[Aim of the task] Images are to be omitted, and the rest of the records reproduced exactly.

═══ Extracted entries

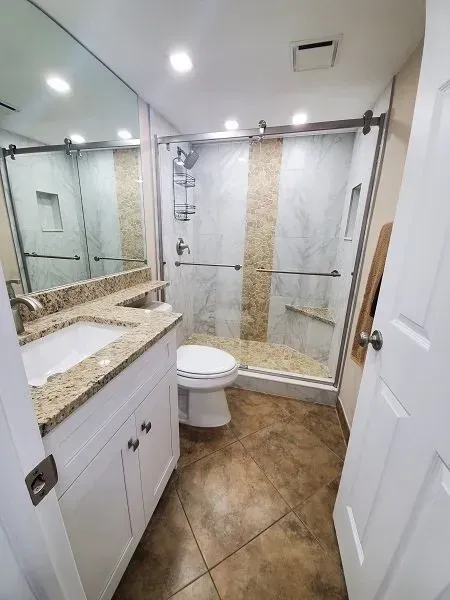Bathroom with white vanity, toilet, and shower with stone accents and a glass sliding door.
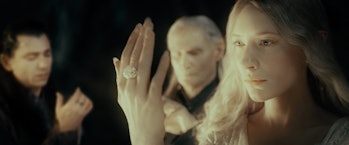 Galadriel (Cate Blanchett), Gil-galad, and (presumably) Círdan admiring their three Rings of Power i...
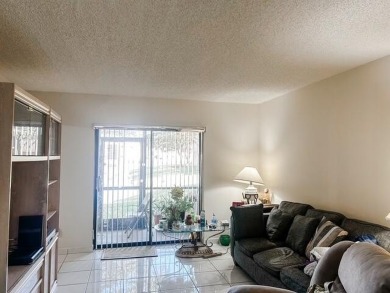 Discover this charming and conveniently located first-floor on Sunrise Lakes Phase IV Golf Course in Florida - for sale on GolfHomes.com, golf home, golf lot
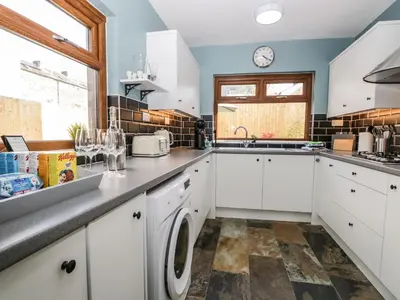 a kitchen with white cabinets and a dishwasher at No 2 Waterloo Street in Cockermouth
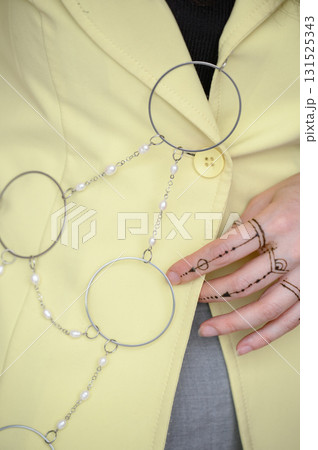 A girl in a yellow jacket shows off an original chain belt with rings and pearls 131525343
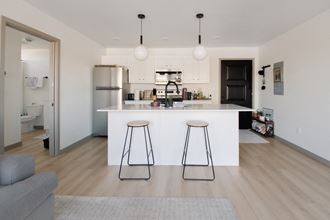 a white kitchen with two bar stools in front of a white counter top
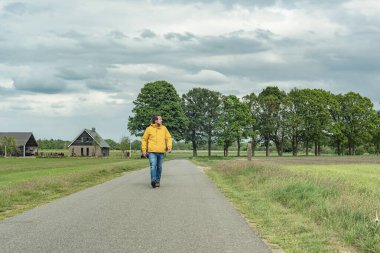 Sarı ceketli ve kot pantolonlu bir adam kırsalda yürüyüş yapıyor..
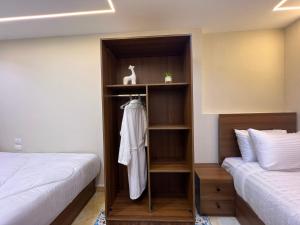 a bedroom with two beds and a book shelf at Isis Pyramids View Inn in Cairo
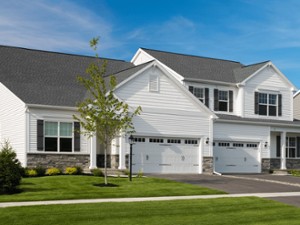 large white house with two garages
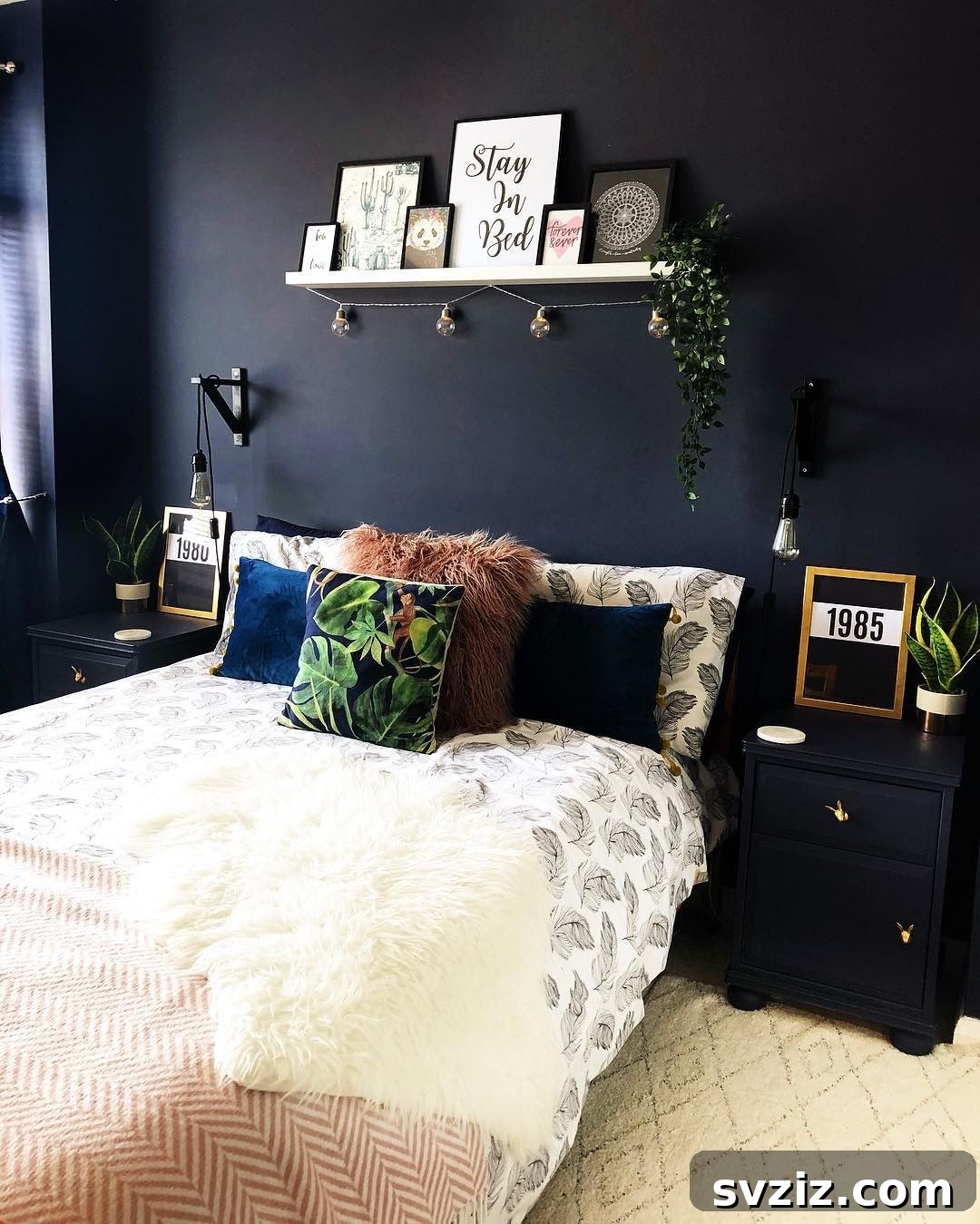 Smart Space Solutions for Couples Bedrooms 26 Small bedroom featuring a dramatic dark accent wall contrasted with lighter tones, creating depth and a sophisticated, cozy atmosphere.
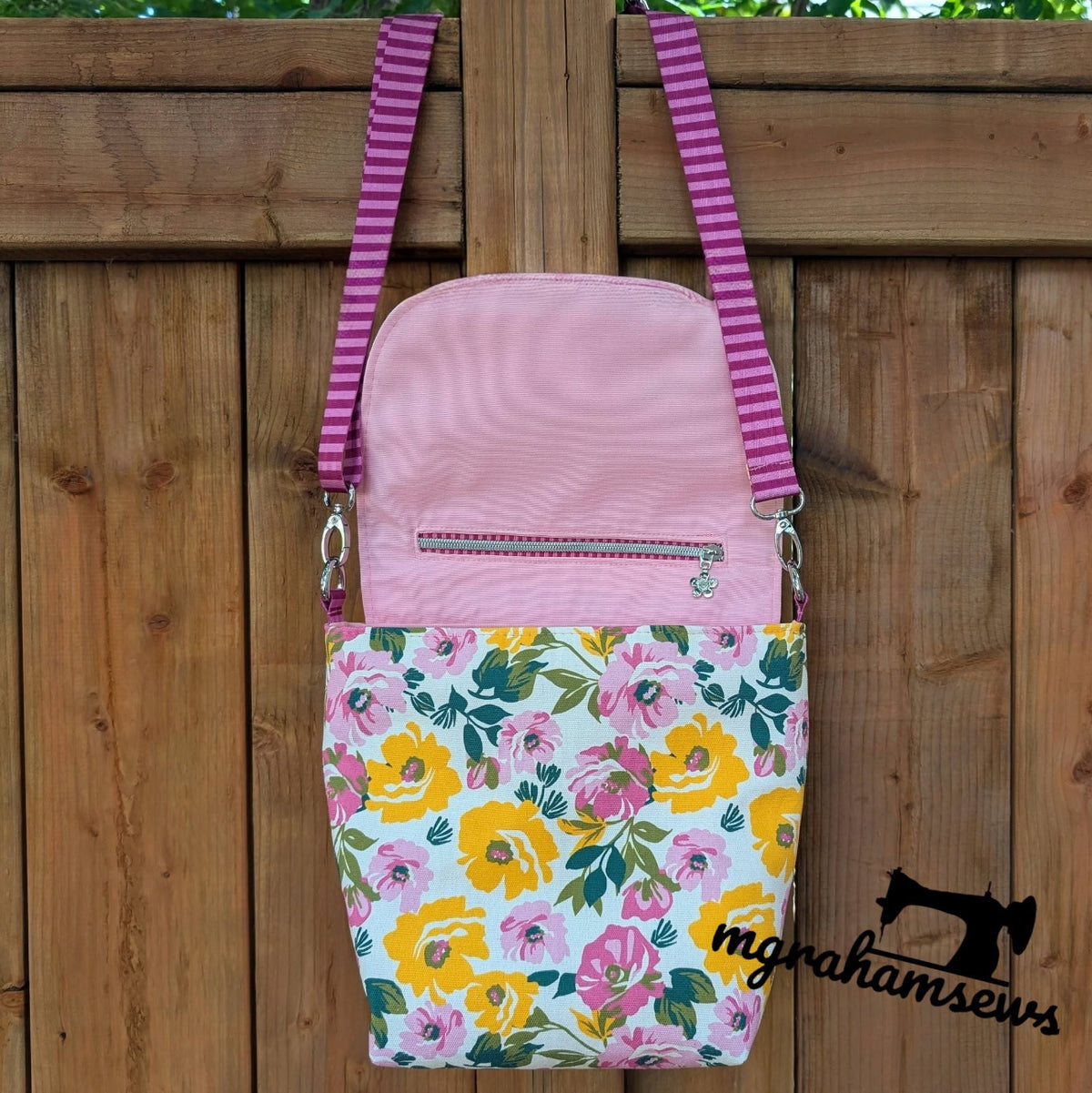 Iris Messenger Bag in vibrant floral canvas with a secret zipper pocket in the flap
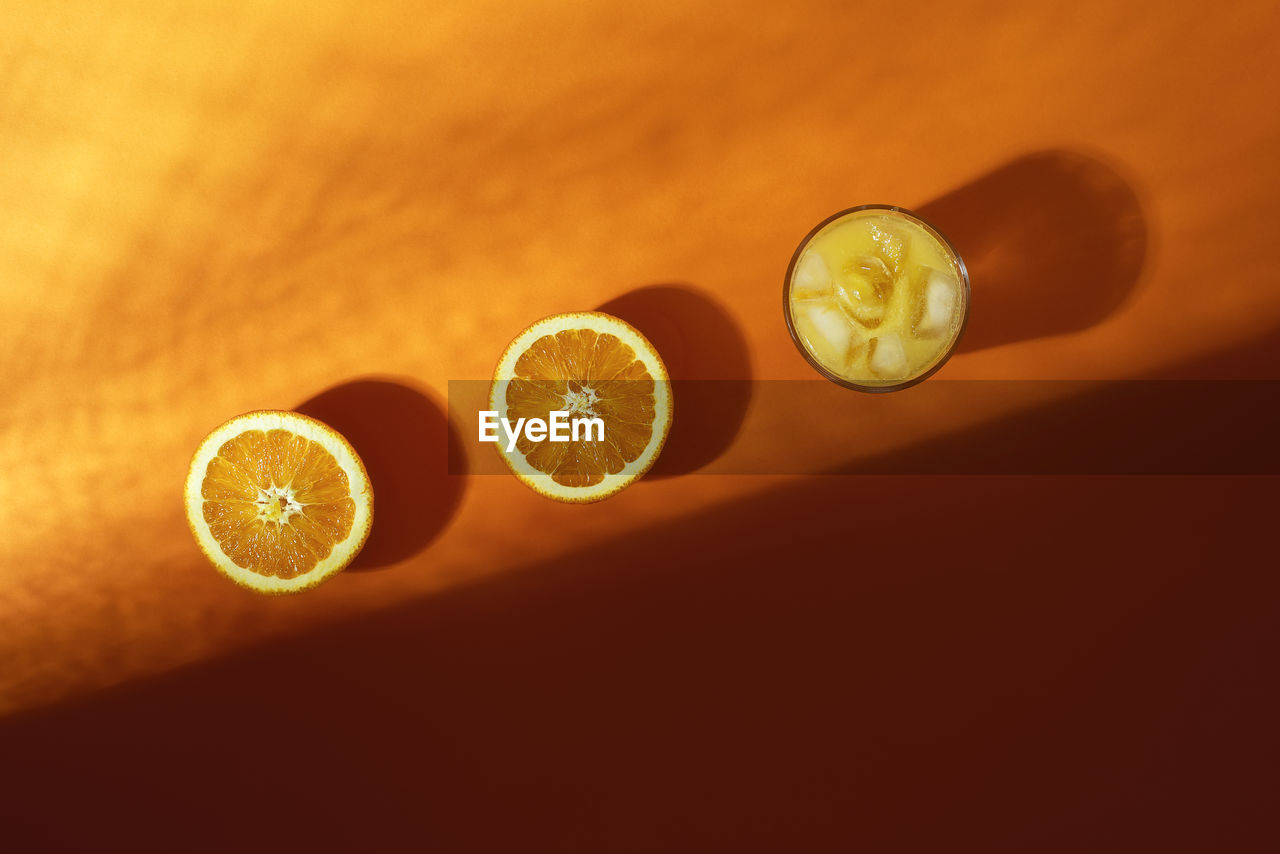 Close-up of oranges with drink on table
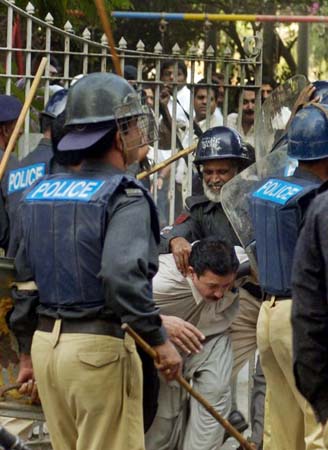 Pakistani policemen beat a journalist during a demonstration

══════

[Written response]
Bathroom with white vanity, toilet, and shower with stone accents and a glass sliding door.
 Galadriel (Cate Blanchett), Gil-galad, and (presumably) Círdan admiring their three Rings of Power i...
 Discover this charming and conveniently located first-floor on Sunrise Lakes Phase IV Golf Course in Florida - for sale on GolfHomes.com, golf home, golf lot
 a kitchen with white cabinets and a dishwasher at No 2 Waterloo Street in Cockermouth
 A girl in a yellow jacket shows off an original chain belt with rings and pearls 131525343
 a white kitchen with two bar stools in front of a white counter top
 Sarı ceketli ve kot pantolonlu bir adam kırsalda yürüyüş yapıyor..
 a bedroom with two beds and a book shelf at Isis Pyramids View Inn in Cairo
 large white house with two garages
 Smart Space Solutions for Couples Bedrooms 26 Small bedroom featuring a dramatic dark accent wall contrasted with lighter tones, creating depth and a sophisticated, cozy atmosphere.
 Iris Messenger Bag in vibrant floral canvas with a secret zipper pocket in the flap
 Close-up of oranges with drink on table
 Pakistani policemen beat a journalist during a demonstration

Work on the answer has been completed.